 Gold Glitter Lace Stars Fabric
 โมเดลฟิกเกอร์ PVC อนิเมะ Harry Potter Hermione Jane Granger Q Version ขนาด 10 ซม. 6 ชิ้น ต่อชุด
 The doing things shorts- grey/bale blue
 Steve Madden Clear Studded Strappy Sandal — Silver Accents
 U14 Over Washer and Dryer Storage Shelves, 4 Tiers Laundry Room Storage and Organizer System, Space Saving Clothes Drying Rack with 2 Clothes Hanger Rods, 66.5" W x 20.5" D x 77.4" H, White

--

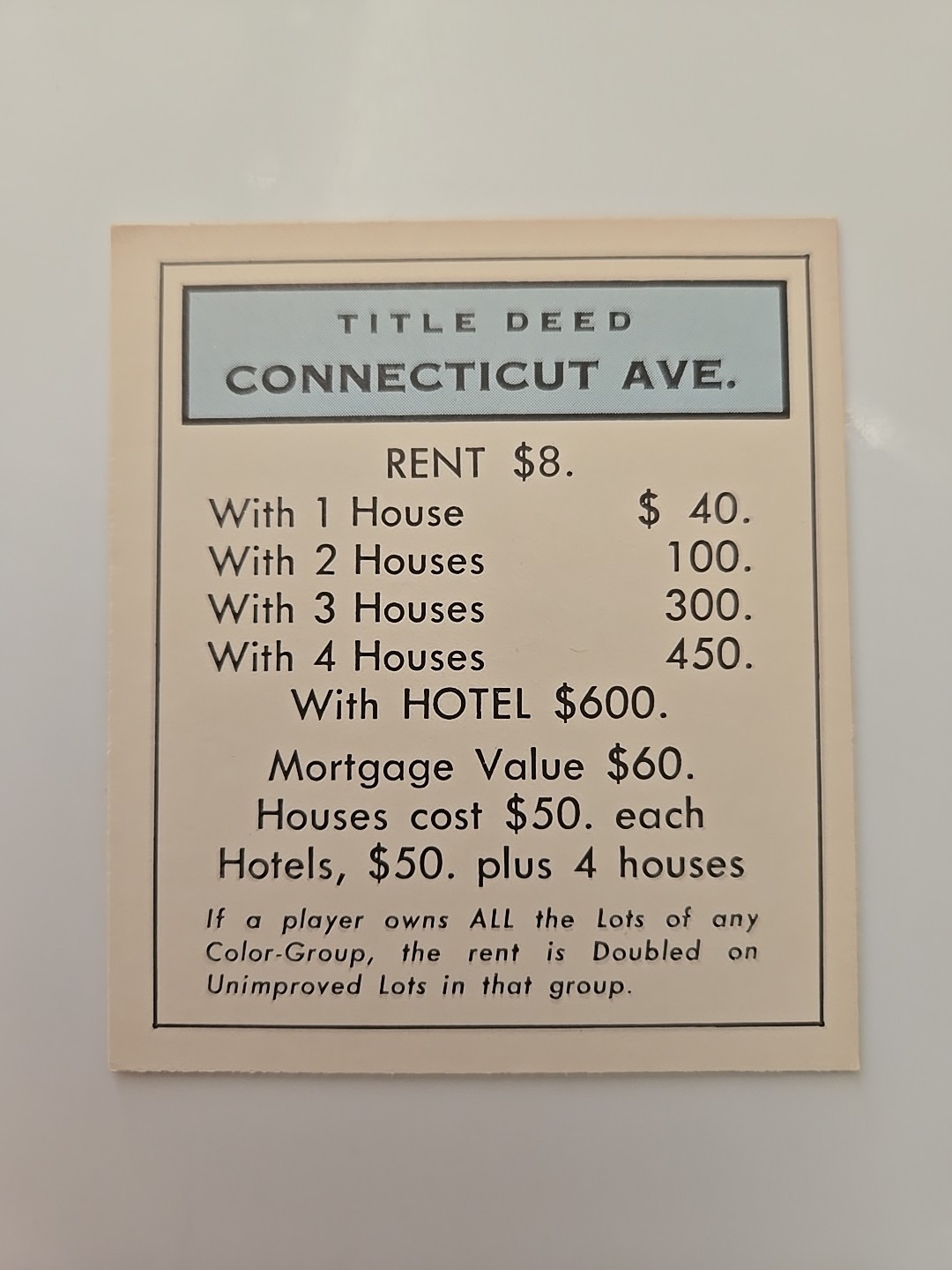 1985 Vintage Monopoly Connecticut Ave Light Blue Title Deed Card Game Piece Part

==

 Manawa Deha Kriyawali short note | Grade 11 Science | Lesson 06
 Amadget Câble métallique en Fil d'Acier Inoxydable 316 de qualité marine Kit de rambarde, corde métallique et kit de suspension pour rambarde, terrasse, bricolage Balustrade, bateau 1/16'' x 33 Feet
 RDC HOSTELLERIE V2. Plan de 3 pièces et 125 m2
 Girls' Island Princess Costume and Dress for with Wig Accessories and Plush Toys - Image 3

■ **WHAT YOU HAVE TO DO**
Using the entries above, extract exactly the span from the line with "Gold Glitter Lace Stars Fabric" to the line with "U14 Over Washer", both lines included; leave out everything else.

■ **RESPONSE AREA**
 Gold Glitter Lace Stars Fabric
 โมเดลฟิกเกอร์ PVC อนิเมะ Harry Potter Hermione Jane Granger Q Version ขนาด 10 ซม. 6 ชิ้น ต่อชุด
 The doing things shorts- grey/bale blue
 Steve Madden Clear Studded Strappy Sandal — Silver Accents
 U14 Over Washer and Dryer Storage Shelves, 4 Tiers Laundry Room Storage and Organizer System, Space Saving Clothes Drying Rack with 2 Clothes Hanger Rods, 66.5" W x 20.5" D x 77.4" H, White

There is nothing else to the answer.